Brief:
Please retype, character for character, the portion of the entries below that runs from the line containing "this 300×225 image." to the last line.

Task material:
********************
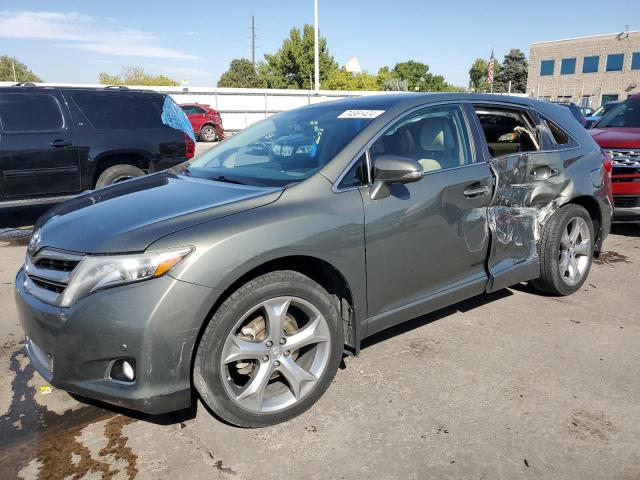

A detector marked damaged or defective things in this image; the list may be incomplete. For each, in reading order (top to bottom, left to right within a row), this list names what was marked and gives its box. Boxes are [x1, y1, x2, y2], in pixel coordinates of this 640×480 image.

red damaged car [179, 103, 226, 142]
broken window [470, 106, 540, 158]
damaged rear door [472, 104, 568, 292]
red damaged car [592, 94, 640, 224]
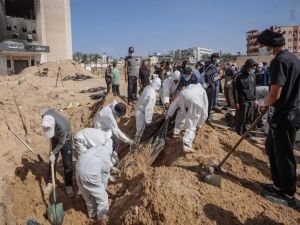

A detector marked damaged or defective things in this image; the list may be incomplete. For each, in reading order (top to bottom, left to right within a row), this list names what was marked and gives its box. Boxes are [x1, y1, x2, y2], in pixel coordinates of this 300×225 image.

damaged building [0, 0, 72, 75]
********************
Your solution:
A detector marked damaged or defective things in this image; the list may be incomplete. For each, in reading order (top to bottom, left to right within a row), this list names what was marked and gives its box. Boxes are [x1, y1, x2, y2], in pixel coordinates of this 300×225 image.

damaged building [0, 0, 72, 75]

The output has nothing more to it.